Web Scraping, Playwright·Sep 24, 2024

Playwright Web Scraping Tutorial for 2025 (Node.js)

Learn how to use Playwright for web scraping in 2025. This guide covers installation, basic scraping, intercepting requests, and using proxies.

Petro Popelyshko

Web Scraping with Playwright in 2025

As we head toward 2025, robust tools like Playwright are becoming increasingly important for developers and businesses alike. Whether you’re conducting market research, performing price comparisons, or simply gathering news articles, Playwright’s cross-browser capabilities and modern architecture make it an excellent option for both small-scale and enterprise-level scraping projects.

You’ll learn how to use Playwright in a Node.js environment, from installation to more advanced tasks like intercepting network requests and configuring proxies. You’ll also discover best practices for locating and extracting text, images, and other valuable data, plus tips on whether to choose Playwright over its primary competitors, Puppeteer and Selenium.

Introduction to Playwright

Playwright is an open-source library created by Microsoft, designed to automate web browsers—Chromium, Firefox, and WebKit (Safari)—using a single unified API. While it initially gained traction in the realm of automated testing (much like Puppeteer and Selenium before it), it has quickly become a top choice for web scraping and automation due to its speed, reliability, and flexibility.

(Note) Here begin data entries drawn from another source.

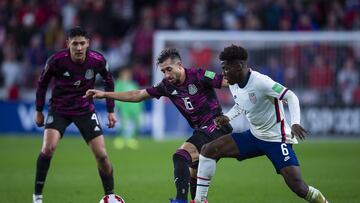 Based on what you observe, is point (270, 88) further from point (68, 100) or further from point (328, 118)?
point (328, 118)

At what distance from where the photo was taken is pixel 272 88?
28.3 feet

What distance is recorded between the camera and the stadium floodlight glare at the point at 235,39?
2302 centimetres

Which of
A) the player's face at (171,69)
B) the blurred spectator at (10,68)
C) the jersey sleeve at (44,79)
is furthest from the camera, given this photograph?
the blurred spectator at (10,68)

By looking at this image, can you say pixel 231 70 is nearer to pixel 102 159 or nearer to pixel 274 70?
pixel 102 159

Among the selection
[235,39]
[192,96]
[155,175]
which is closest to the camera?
[192,96]

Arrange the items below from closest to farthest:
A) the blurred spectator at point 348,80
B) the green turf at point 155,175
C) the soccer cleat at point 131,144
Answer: the green turf at point 155,175
the soccer cleat at point 131,144
the blurred spectator at point 348,80

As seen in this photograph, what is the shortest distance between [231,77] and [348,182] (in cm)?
519

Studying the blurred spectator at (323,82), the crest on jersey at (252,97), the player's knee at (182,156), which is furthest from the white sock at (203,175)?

Why Playwright for Scraping?

Multi-Browser Support: Supports Chromium, Firefox, and WebKit out of the box.
Consistent API: Write the same code for all supported browsers.
Powerful Network Controls: Intercept, block, or mock requests.
Robust Community: Backed by Microsoft with rapid development and community support.

Setting Up Node.js and Installing Playwright

Before diving into the code, we need a working environment that includes Node.js and Playwright. If you already have Node.js installed, feel free to skip ahead to the Playwright installation steps.

Step 1: Install or Update Node.js

Download and install Node.js from nodejs.org and verify the installation:

node -v

Step 2: Initialize Your Project

mkdir playwright-scraping-tutorial
cd playwright-scraping-tutorial
npm init -y

Step 3: Install Playwright

npm install playwright

Basic Web Scraping with Playwright

Now that your environment is ready, let’s write our first web scraping script to fetch basic data from a webpage. Playwright’s commands follow a straightforward pattern: launch a browser, open a page, navigate to a URL, interact with the page, and close the browser.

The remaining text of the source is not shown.